Das schwere Los Halle 6

Ich bleibe dabei: einen Stand in Halle 6 haben war wie keinen Stand haben – nur deutlich teurer. Außer Magento kannte ich hier keine Firma. Na gut, die Strombar ist ein sinnvoller Stand gewesen. Ansonsten: weniger Leute, dunkler aber dafür immerhin etwas Telefonnetz verfügbar.

Ist die dmexco ein Pflichttermin?

Ich sage ja. Aber nicht, weil es hier die Infos gibt die einem helfen ganz weit vorne zu sein. Hier gilt sehen und gesehen werden. Nirgendwo sonst kann man so viele alte und neue Kontakte in so kurzer Zeit machen. Es ist das deutsche Branchenevent – keine zweite Meinung kann hierzu gedulded werden. Denn hier sind an einem Tag an einem Ort alle Themen und alle Menschen. Von den Salonlöwen über die Accounter Menschen zu den interessierten Zaungästen. Wer sich in das Abenteuer dmexco Stand einmal gestürzt hat, der wird es nicht so schnell aufgeben können. Zumindest nicht ohne, dass die Gerüchteküche Fragen nach der wirtschaftlichen Lage aufwirft.

Hat die dmexco internationales Format?

Kommt darauf an, wie man das definiert.
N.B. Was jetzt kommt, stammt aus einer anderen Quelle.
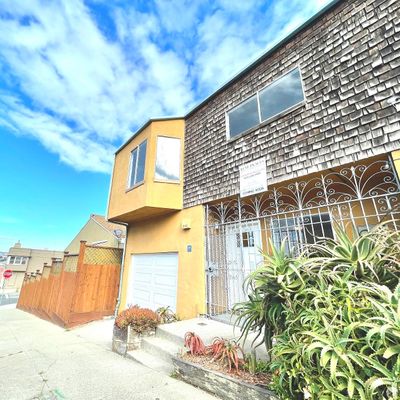 1582 La Salle Ave, San Francisco, CA 94124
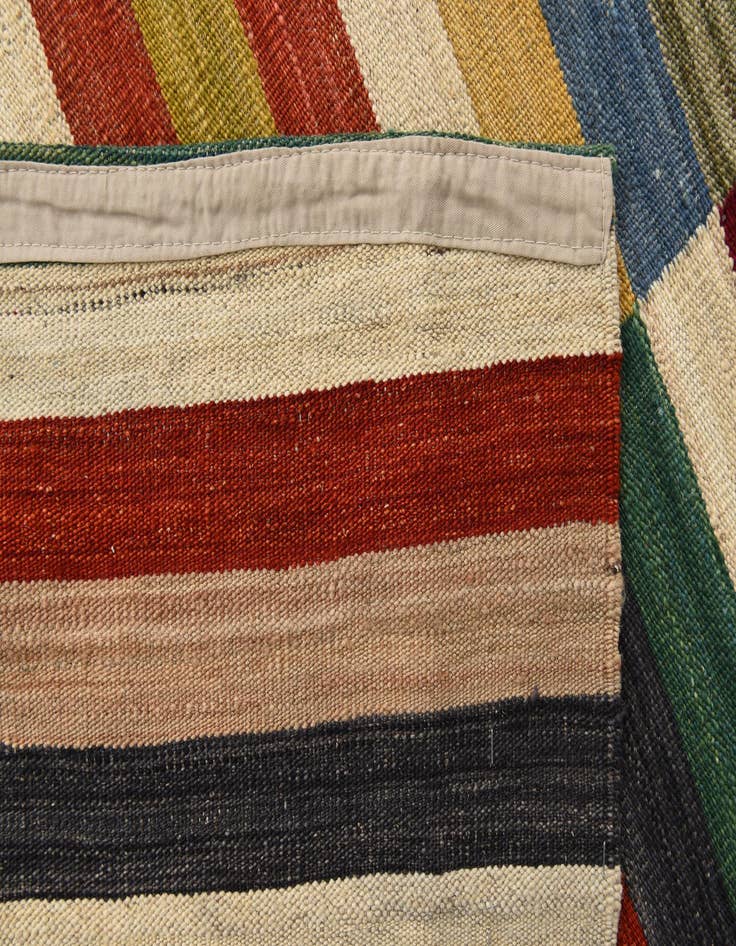 Detail image of  6' x 7' 10  Hand Woven Kilim Modern Wool Rug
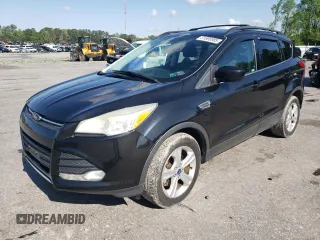 2013 Ford Escape SE with VIN 1FMCU0G92DUD18329, listed as a Copart auction lot 51895985 with 152,066 mi miles and Salvage Title. Bid and sale history available at carsss.com. Image 1.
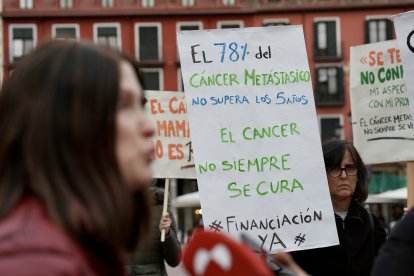 Concentración de pacientes de cáncer de mama y sus familiares con motivo del Día Internacional de la Lucha contra el Cáncer de Mama.
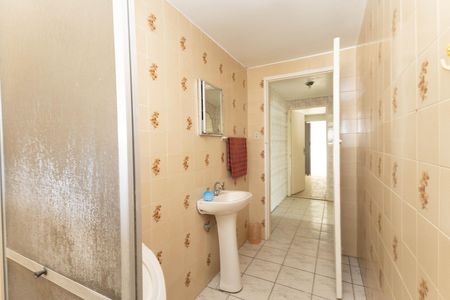 Casa à venda com 300m², 8 quartos e 2 vagas Casa à venda com 300m², 8 quartos e 2 vagasBanheiro casa 2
Gibt es internationale Aussteller? Ja, die gibt es. Nicht verwunderlich, dass eine große Messe in einer großen europäischen Volkswirtschaft auch ausländische Aussteller anlockt. Anders als die IAA, IFA oder die ITB (meine Einschätzung) ist es aber keine Plattform, auf der internationale Kontakte sich den heißen Scheiß aus deutschen Landen und die Eigenarten des deutschen Markts reinziehen. Mit Ausnahmen sind die Vorträge auf deutsch. Genau wie das Grundrauschen trotz all er Anglizismen ein deutsches ist. Und ja, man kann gute internationale Speaker begeistern. Aber kaum weil der deutsche Think Tank rollt. Eher weil es strategisch einen Markt zu bearbeiten gilt. Oder weil es bezahlt wird.

Was müsste geiler sein bei der dmexco?

Klar: die Infrakstruktur! WLAN, Telefonempfang etc. Da ist die re:publica wirklich um Meilen voraus gewesen. Volle Hütte bei Sascha Lobo und trotzdem läuft twitter wie geschmiert. Wenn das nicht angegangen wird, dann bleibt die dmexco ein Pflichtevent für Onliner. Aber auch ein Veranstaltung auf der über digitales gesprochen wird, die aber nicht digital ist.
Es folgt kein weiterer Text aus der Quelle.